Brisbane Girls Grammar School

Career Events

Water Polo Women's Tournament

 

Abby's Story

After finishing high school at Brisbane Girls Grammar, Abby Andrews started tertiary studies at the University of Queensland, which led to her competing in the 2019 World University Games in Naples, Italy.

Australia came fifth, but Abby’s appearance caught the eye of Water Polo Australia, who invited her to a senior camp. Abby had actually already competed for Australia at the Youth World Championships in 2018, before she enrolled at the University of Michigan in January.

She established Michigan rookie records of 70 assists and 126 points in helping the Wolverines capture the 2019 Collegiate Water Polo Association (CWPA) championship. She was named the CWPA Rookie of the Year and CWPA Rookie of the tournament. Her performances pointing to an Australian senior call-up and even higher honours to come.

 

“I honestly did not know how to react because my plans were to go back (to play with the University of Michigan),’’ Abby said. “But speaking with my family, I could not turn down the opportunity of a senior call-up back home.

“Even if I was not in their sights (for Tokyo), I was going to improve so much (by attending the camp) and they believed in me. So I had to believe in myself.”

Abby was most certainly in the sights of Water Polo Australia and was selected for her maiden Olympic Team for the Tokyo 2020 Games.

This pleased many people, especially her Queensland Thunder coach Benn Lees, who in early 2020 predicted Abby's Olympic honours.

“She is not only physically talented but has a wonderful attitude toward the sport,’’ Lees said. “She is a left-hander, very skilful and smart, and has a wonderful selfless attitude.’’

Abby would go on to make her Olympic debut at the delayed Tokyo 2020 Games, alongside the Australian women's water polo squad.
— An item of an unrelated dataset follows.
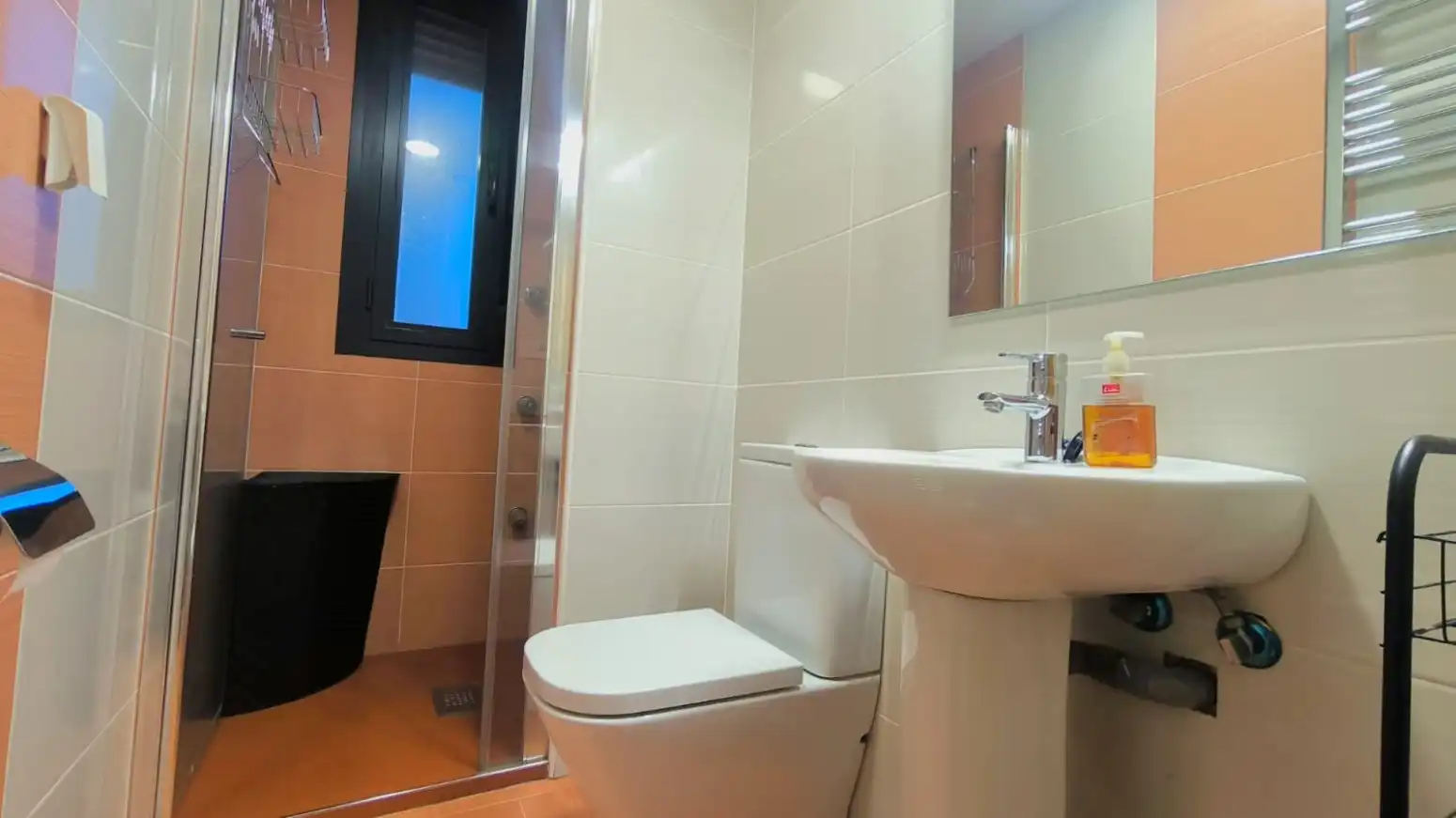 Bathroom of Flat for rent in Lardero, La Rioja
The team completed an impressive opening four games in the group stage of the tournament, ending in equal first on points and progressing to the quarter-finals second.

 The Stingers then lost a narrow quarter-final 9-8 against the ROC, but recorded consecutive wins against Canada and the Netherlands to achieve an overall fifth placing at the Games.
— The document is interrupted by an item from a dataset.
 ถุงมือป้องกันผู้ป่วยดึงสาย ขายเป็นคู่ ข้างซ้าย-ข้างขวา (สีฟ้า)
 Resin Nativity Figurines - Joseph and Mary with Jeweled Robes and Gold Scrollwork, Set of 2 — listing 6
Abby was part of the Stingers team in Fukuoka, Japan, for the 2023 World Aquatic Championships, where Australia finished fourth. After a tight 12-10 loss to Spain in the semi-finals, the Stingers lost the third-place play-off to Italy 16-14.
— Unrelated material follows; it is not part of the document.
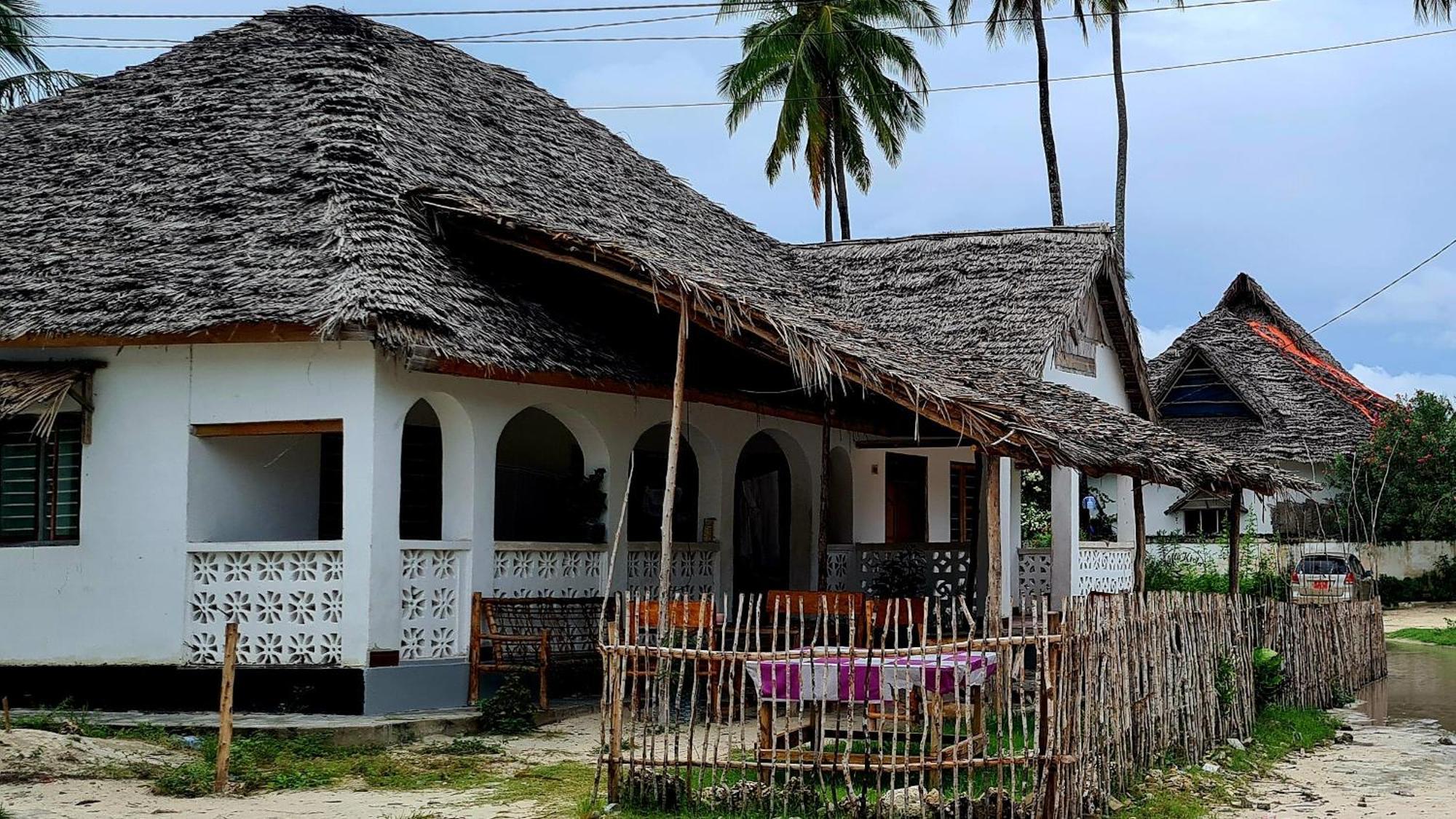 Afrobukuu House Hotell Paje Eksteriør bilde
At the 2024 World Championships in Doha, Australia finished sixth, beating Britain 20-8 in the round of 16 before going down by a point to the USA in the quarter-finals.

Abby describes moving to Italy to play professionally as the biggest challenge of her career.

“I lived in a house with four Italians and spoke not a word of Italian,” she said. “They also did not speak English, so it was extremely overwhelming and both mentally and physically challenging. Learning Italian was a huge step for me and made the experience one of the best things I have ever done.”

Her advice to young athletes is to always grab such opportunities. “Take every opportunity and challenge,” she said. “I have been able to play all over the world because I took a chance and those opportunities turned out to be the ones that have shaped who I am and what I can do in my sport.”

Abby’s pursuit of excellence isn’t limited to the pool. Juggling studies in a bachelor of advanced finance and economics at the University of Queensland with an elite sporting career has been tough.

“I’ve been pretty proud of myself for pushing through and continuing with the degree. It was really draining combining the two, but even when I went to Italy I managed to keep studying.”